Media Player & Volume

  • Per-media-player time-based routing (HA_MEDIA_PLAYER_ROUTING) — route TTS to different speakers by time of day (e.g. media_player.bedroom@22:00-08:00).
  • Volume control (HA_VOLUME_DEFAULT, HA_VOLUME_TERSE) — set media player volume before TTS playback, with separate levels for full and terse modes.

Alert Handling

  • Alert batching (ALERT_BATCH_WINDOW_SECONDS) — combine multiple alerts arriving within N seconds into a single TTS announcement.
  • TTS repeat / pager mode (TTS_REPEAT_INTERVAL_SECONDS, TTS_REPEAT_MAX, TTS_REPEAT_PRIORITIES) — repeat TTS at intervals for critical alerts until acknowledged/closed.
  • Acknowledge from HA (POST /alert/{id}/acknowledge) — acknowledge JSM alerts directly from Home Assistant automations; dismisses HA notification and cancels TTS repeats.

Security

  • API key authentication (WEBHOOK_API_KEY) — optional ?key= query parameter on webhook URLs.

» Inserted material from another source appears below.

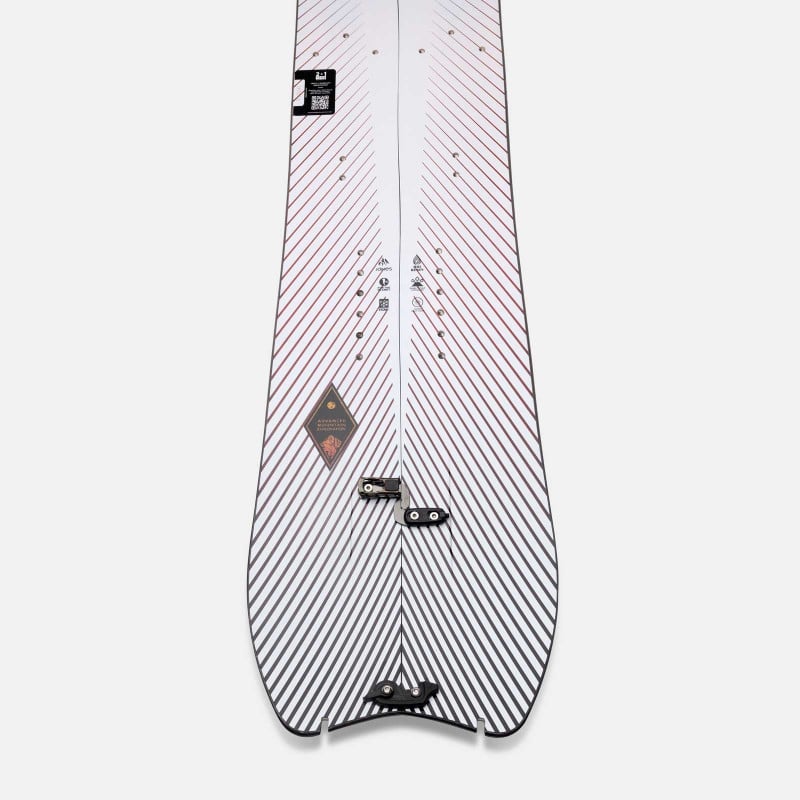 Jones Men's Stratos Splitboard 2024 tail details with Quick Tension Tail Clip notches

Simpler alternative to HMAC signatures; both can be used together for defense in depth.
  • Safe format templates — announcement format strings use a restricted formatter (_SafeFormatter) that blocks attribute/index access, preventing format string injection attacks.
  • Request body size limit — rejects payloads over 1 MB (413 Payload Too Large) to prevent memory exhaustion.
  • Input validation on acknowledge endpoint — alert IDs validated against [a-zA-Z0-9\-_]{1,200} regex.
  • Audit logging on acknowledge endpoint — logs source IP for every acknowledge request.
  • Webhook signature exception safety — wrapped in try/except to prevent secrets leaking in tracebacks.
  • Sanitized error responses — Pydantic validation errors no longer returned verbatim to clients.

Observability

  • Deep health check (GET /healthz) — verifies JSM credential validity and HA API reachability; returns 503 if either fails.
  • Startup connectivity checks — non-blocking verification of JSM and HA APIs at boot with warnings if unreachable.
  • Dismiss result tracking — logs whether HA persistent_notification.dismiss succeeded or failed.

Robustness

  • Persistent HTTP clientsJSMClient and HAClient reuse a single httpx.AsyncClient instead of creating one per request, preventing socket exhaustion under load.
  • Graceful HTTP client shutdownaclose() called on both clients during application shutdown.
  • Dedup cache max size — hard cap of 10,000 entries with oldest-half eviction to prevent DoS via random alert IDs.
  • TTS repeat task race fix — cancel-before-create pattern with try/finally cleanup prevents orphaned background tasks.

Fixed

  • Pre-existing test_media_metadata_p1 assertion mismatch (expected wrong artist name).

Changed

  • Webhook URL format now supports ?key=YOUR_KEY parameter (backwards compatible — key is optional unless WEBHOOK_API_KEY is set).
  • Error responses from /alert endpoint no longer include raw Pydantic validation details.

[2.0.0] — Initial release

  • On-call aware alert routing via JSM Ops API
  • Escalation detection (EscalateNext)
  • Always-notify mode via ?mode=always query parameter
  • Rich TTS announcements with priority, title, system, description
  • Media player metadata (real alert title instead of "Playing Default Media Receiver")
  • Persistent HA notifications with auto-dismiss on Acknowledge/Close
  • Webhook HMAC-SHA256 signature verification
  • Background token health check with HA alerts on expiry
  • Deduplication with configurable TTL
  • Docker multi-arch build (amd64 + arm64)
  • Non-root container, read-only filesystem